Belle infidèle
Romane Lafore
Belle infidèle
Romane Lafore
Stock, 2019
Belles infidèles : traductions libres, fleuries et souvent parcellaires des textes de l’Antiquité, qui privilégient l’élégance finale du français à la fidélité au texte d’origine.
Julien Sauvage est traducteur. Abonné aux guides de voyage et aux livres de cuisine, il rêve en vain d’écrire son propre roman : le récit sublimé d’un chagrin d’amour.Une façon pour lui d’en finir avec Laura, sa belle Franco-Italienne qui lui a piétiné le coeur. Mais contre toute attente, une éditrice parisienne le contacte pour traduire en urgence un roman encensé en Italie : Rebus, l’oeuvre d’un brillant trentenaire, Agostino Leonelli. Alors qu’il progresse dans la traduction, Julien retrouve la terre rouge des Pouilles, les figuiers de Barbarie, les jardins riches en plantes grasses avec la mer à l’horizon. Il plonge dans les années de plomb, que son vieux mentor Salvatore, libraire exilé à Paris, rechigne à évoquer. Il revoit Laura, sa lumière, son ventre constellé de grains de beauté. Il embrasse à nouveau la souplesse et les caprices de la langue italienne… Jusqu’à ce que le doute l’étreigne : l’histoire dont s’inspire Rebus pourrait-elle être aussi la sienne ?
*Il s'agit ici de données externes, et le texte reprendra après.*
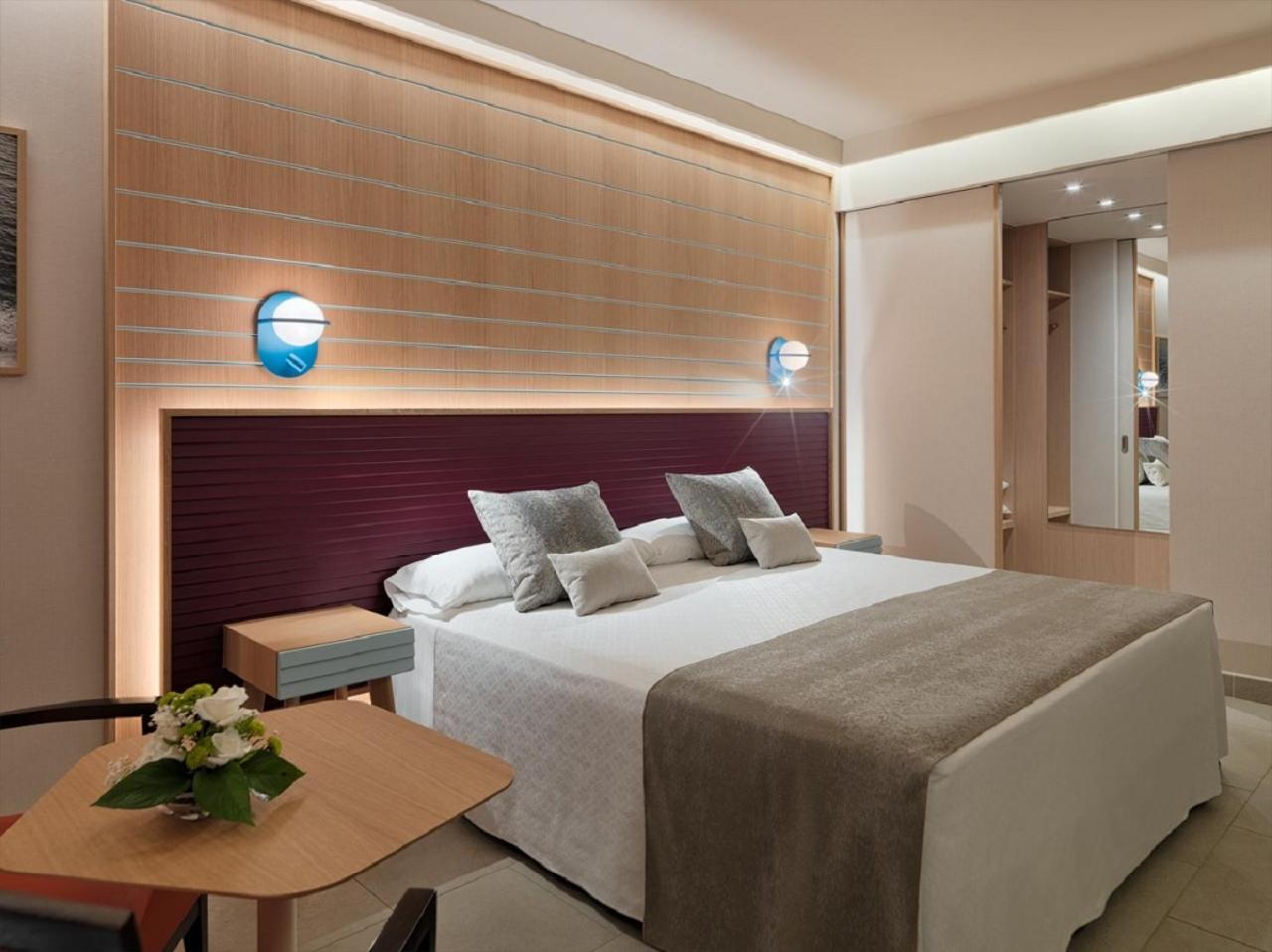 Double or Twin Room with Sea View,813062469:JPEG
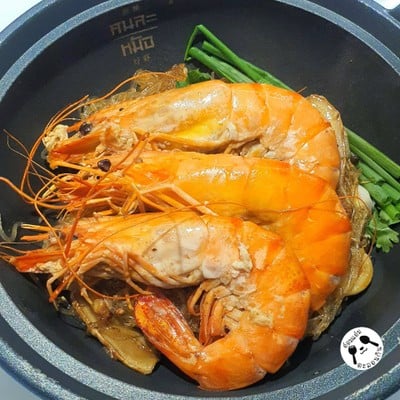 กุ้งลายเสืออบวุ้นเส้น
Née en banlieue parisienne en 1988, Romane Lafore est éditrice et traductrice de l’italien. « Belle infidèle » est son premier roman.
Je suis convaincu que, depuis toujours, l'Italie et Laura vivaient en moi. Tous les étés, évitant soigneusement la dentelle de la côte italienne, mes parents nous traînaient dans des campings sur la Costa del Sol ou dans des auberges du Péloponnèse, mais l'Italie et Laura étaient là, attendant le moment propice pour m'inoculer leur venin. Le pendentif de Jessica, le décolleté de Salma Hayek... Combien me semblèrent faibles ces artifices, le jour où je rencontrai les cernes luisants de Laura. Combien me parut souple l'italien, une fois que j'appris à le glisser tout entier dans ma bouche comme un gros caramel mou, tantôt lourd et plein dans le fond de ma gorge, baignant mes amygdales de voyelles charnues que je n'avais plus peur de faire résonner depuis mes lèvres ouvertes jusqu'au fond de mes entrailles, tantôt taquin quand je le titillais du bout de la langue pour en faire tinter des «r» à peine frottés contre l'arrière de les incisives, retournant et lustrant sous ma langue autrefois gourde ce bonbon qui en fondant libérait son sucre entre les parois de mes joues et imposait à mon souffle une cadence faite de longues déglutitions et de pics de glycémie, m'obligeant, moi, le fils du silence, à épouser de ma voix le rythme d'une vague marine, suspendu dans les syllabes atones, guettant le moment où, de toute la force de mes poumons, j'allais la projeter dans le fracas d'un accent tonique. J'éprouve toujours un bonheur physique à dire le mot caffè.
Nous avons choisi ce livre parce que…
Romane Lafore se glisse dans la peau d'un homme et écrit un roman labyrinthique, un vrai hommage au difficile - et dangereux! - métier de traducteur.